What you are asked to do. Take the lines below from the one with "Navy - Image 10" through the one with "Nylon Turn Buttons" and retype them exactly. Include nothing else, and no pictures.

Records supplied.

________________

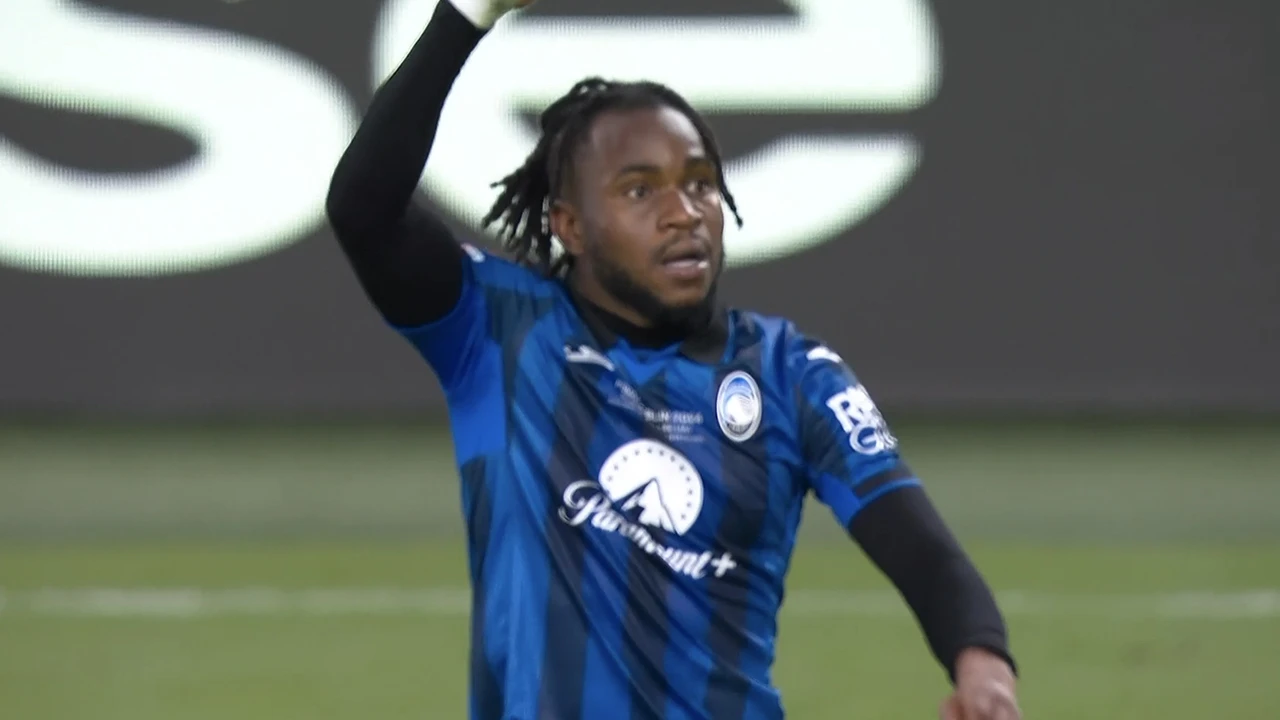 VIDEOGOAL: Atalanta - Bayer Leverkusen 3-0 (Lookman)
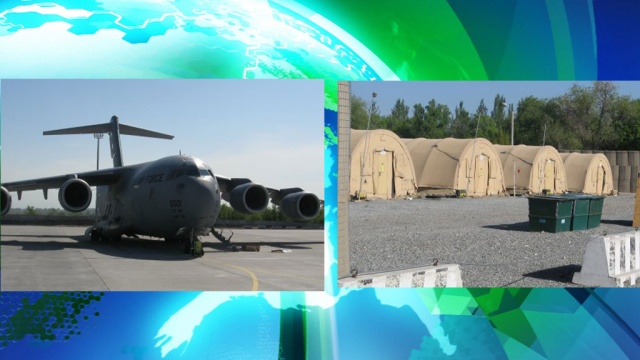 Парламент Киргизии поддержал закрытие американской авиабазы в Манасе
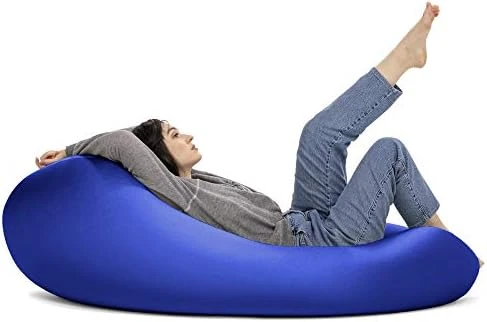 Jaxx Nimbus Spandex Bean Bag Chair For Adults-Furniture For Rec, Family Rooms And More, Large, Navy 10 Jaxx Nimbus Spandex Bean Bag Chair For Adults-Furniture For Rec, Family Rooms And More, Large, Navy - Image 10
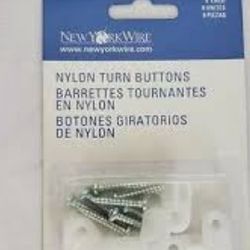 Nylon Turn Buttons 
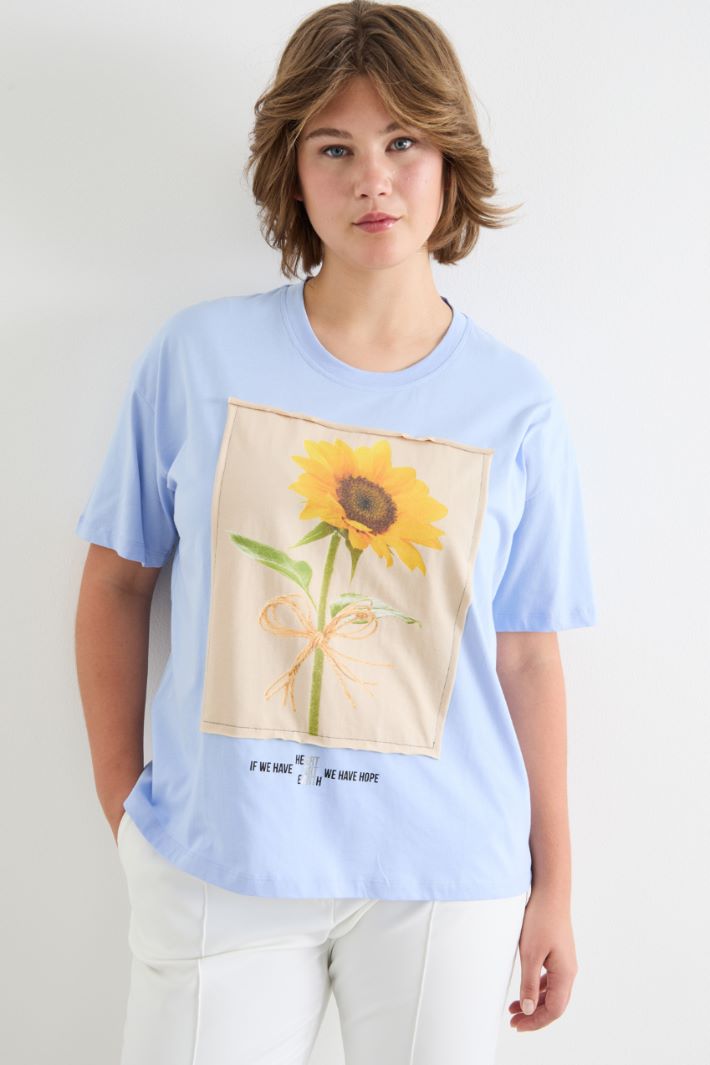 Printed jersey T-shirt Intrend - 2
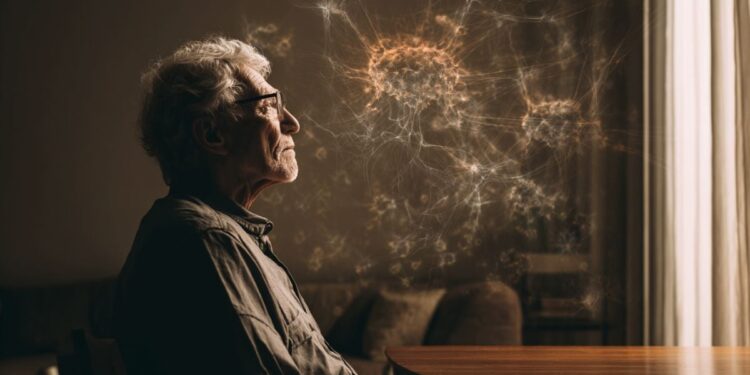 Social isolation directly accelerates cognitive decline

________________

Answer to the exercise.
 Jaxx Nimbus Spandex Bean Bag Chair For Adults-Furniture For Rec, Family Rooms And More, Large, Navy 10 Jaxx Nimbus Spandex Bean Bag Chair For Adults-Furniture For Rec, Family Rooms And More, Large, Navy - Image 10
 Nylon Turn Buttons 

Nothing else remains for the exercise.